Practice Pearls:     

  • Chronic hyperglycemic state is normally connected by dyslipidemia, hypertension, low grade systemic inflammation and oxidative stress which collectively result in high risk micro and macrovascular complication.
  • There is a CV potential benefit in treatment with GLP-1 agonist receptor agonist exenatide in type 2 diabetes
  • Since GLP-1 agonist receptor is a new drug its long term CV outcomes have not yet been established

References

Davies, M J et al. “Exenatide Compared with Long-Acting Insulin to Achieve Glycaemic Control with Minimal Weight Gain in Patients with Type 2 Diabetes: Results of the Helping Evaluate Exenatide in Patients with Diabetes Compared with Long-Acting Insulin (HEELA) Study.” Diabetes, Obesity & Metabolism 11.12 (2009): 1153–1162. PMC. Web. June 30 2016.

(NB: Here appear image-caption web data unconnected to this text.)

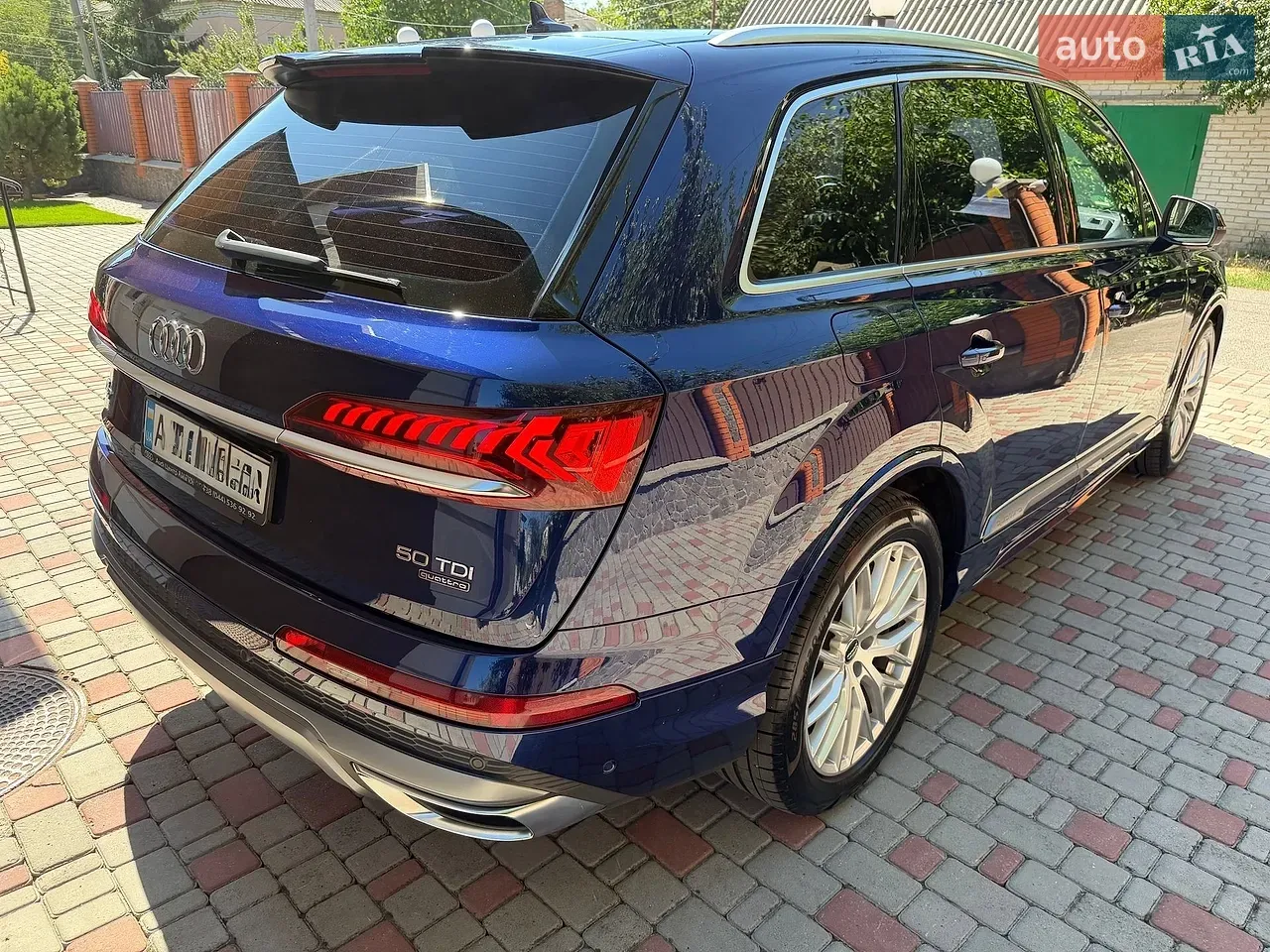 Audi Q7 2020 photo 2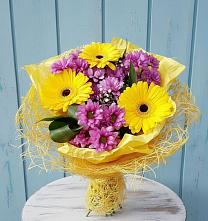 Букет цветов из:  Хризантемы и Герберы в Зеленоградском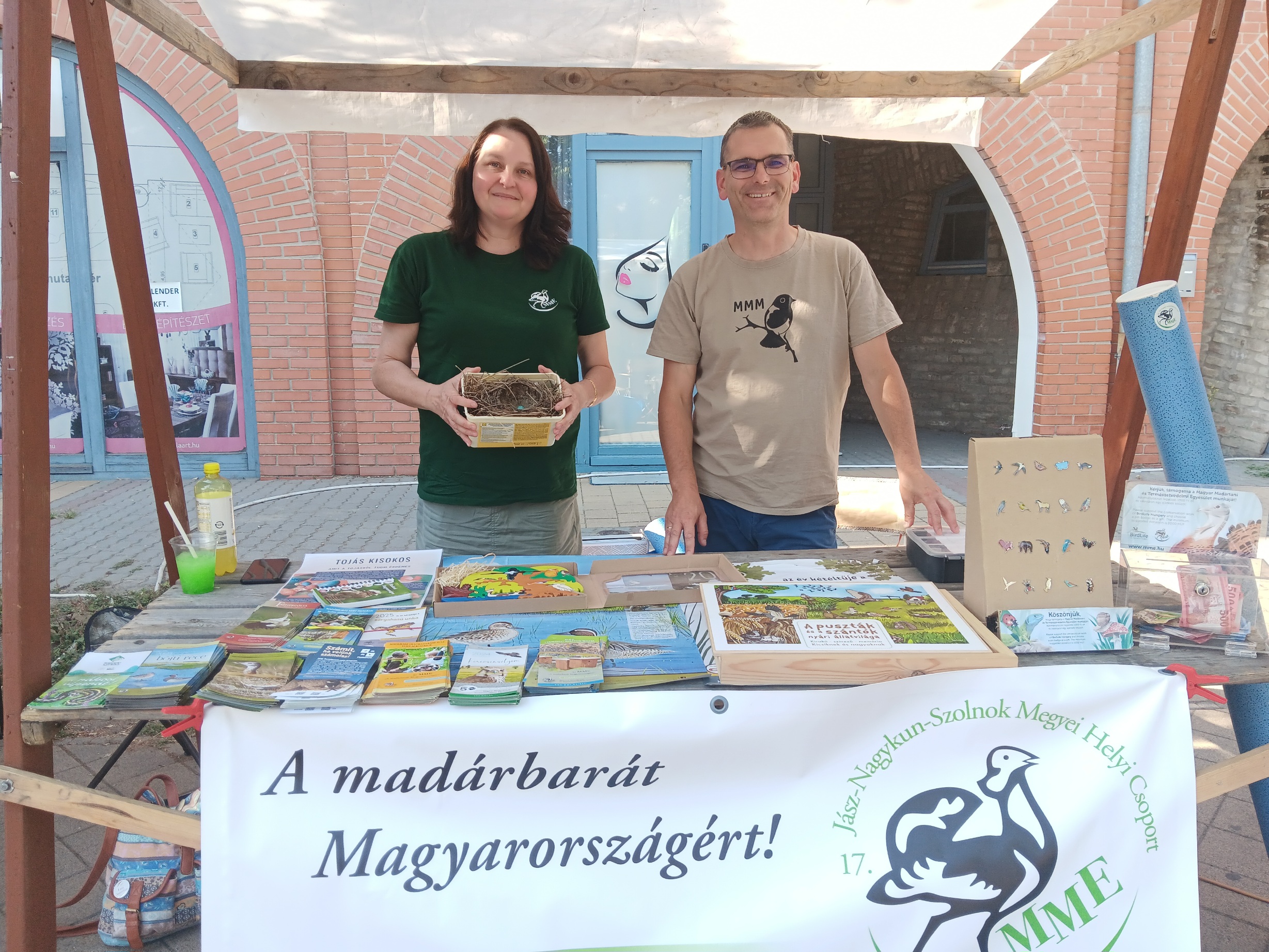 önkéntesek a pultnál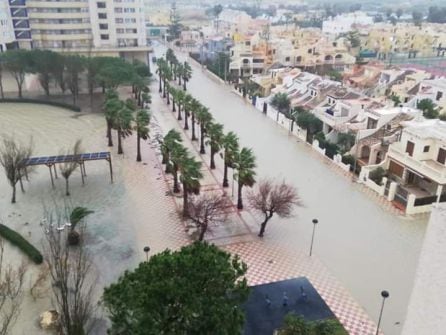Inundaciones en la playa de Tavernes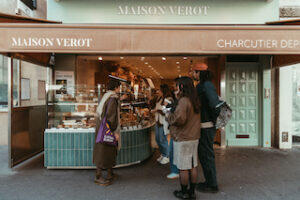 outside_of_Maison_Vérot_Paris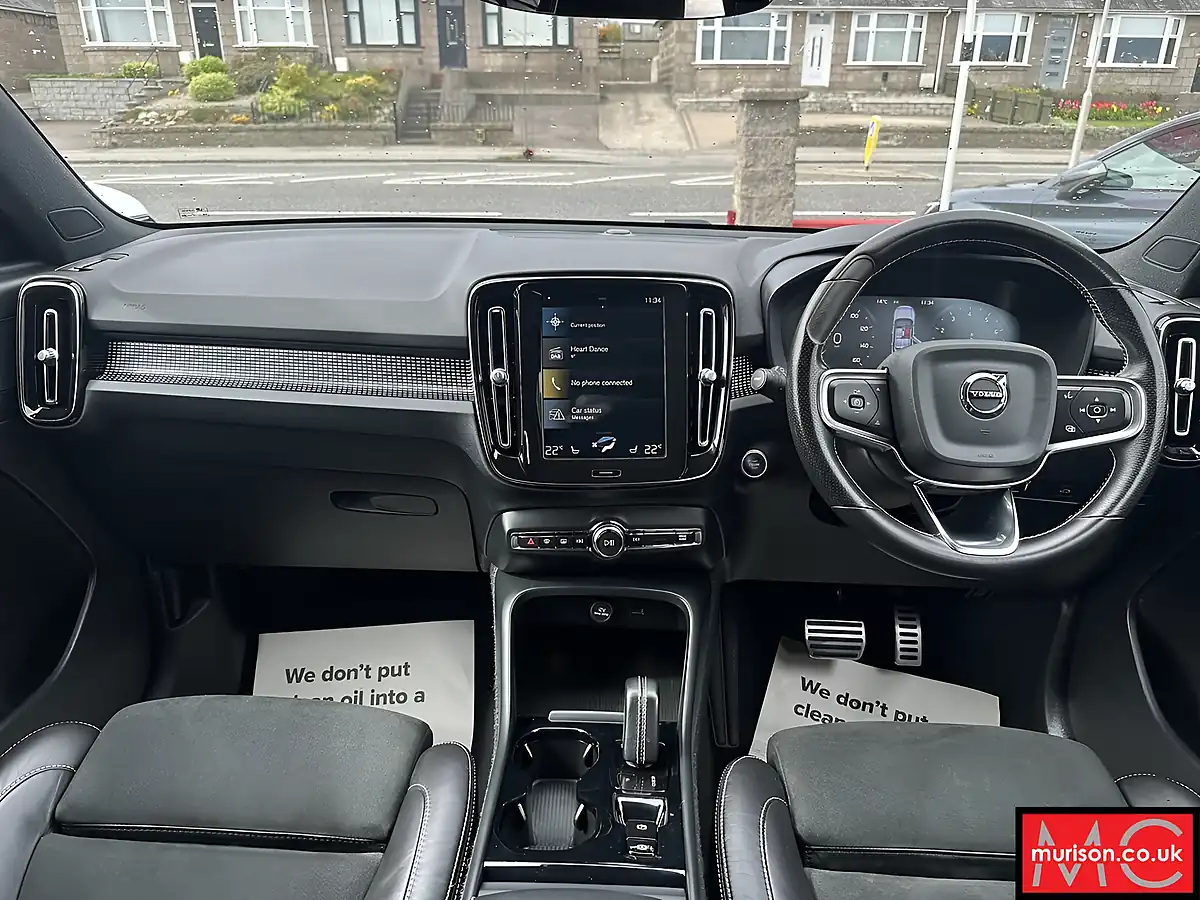 Used 2021 Volvo XC40 R-Design Pro Onyx Black - Interior and Exterior details 20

Nathan, David M. et al. “Medical Management of Hyperglycemia in Type 2 Diabetes: A Consensus Algorithm for the Initiation and Adjustment of Therapy: A Consensus Statement of the American Diabetes Association and the European Association for the Study of Diabetes.” Diabetes Care 32.1 (2009): 193–203. PMC. Web. June 30 2016.

Paul, Sanjoy K et al. “The Association of the Treatment with Glucagon-like Peptide-1 Receptor Agonist Exenatide or Insulin with Cardiovascular Outcomes in Patients with Type 2 Diabetes: A Retrospective Observational Study.” Cardiovascular Diabetology 14 (2015): 10. PMC. Web. June 30 2016.

American Diabetes Association. “Standards of Medical Care in Diabetes—2009.” Diabetes Care 32.Suppl 1 (2009): S13–S61. PMC. Web. June 30 2016.